→ **Task objective**
Provide again, from the entries below, every line from the one containing "Coffee Makes Everything" through the one containing "Lmao!! This dumb", exactly as written, and no other line.

→ **Extracted records**

┄┄┄┄┄┄┄┄┄┄┄┄┄┄┄┄┄┄┄┄

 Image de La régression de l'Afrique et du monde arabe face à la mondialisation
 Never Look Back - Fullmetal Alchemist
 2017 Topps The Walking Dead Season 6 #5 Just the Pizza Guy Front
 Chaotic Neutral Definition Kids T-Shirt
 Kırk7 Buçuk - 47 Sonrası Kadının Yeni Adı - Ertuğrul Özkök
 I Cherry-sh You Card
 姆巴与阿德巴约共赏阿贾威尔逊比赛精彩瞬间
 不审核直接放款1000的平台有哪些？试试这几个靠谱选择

┄┄┄┄┄┄┄┄┄┄┄┄┄┄┄┄┄┄┄┄

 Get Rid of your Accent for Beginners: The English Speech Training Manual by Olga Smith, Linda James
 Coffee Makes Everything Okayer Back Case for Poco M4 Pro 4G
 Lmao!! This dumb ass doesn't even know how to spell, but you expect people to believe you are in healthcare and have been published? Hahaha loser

┄┄┄┄┄┄┄┄┄┄┄┄┄┄┄┄┄┄┄┄

→ **Written reply**
 Coffee Makes Everything Okayer Back Case for Poco M4 Pro 4G
 Lmao!! This dumb ass doesn't even know how to spell, but you expect people to believe you are in healthcare and have been published? Hahaha loser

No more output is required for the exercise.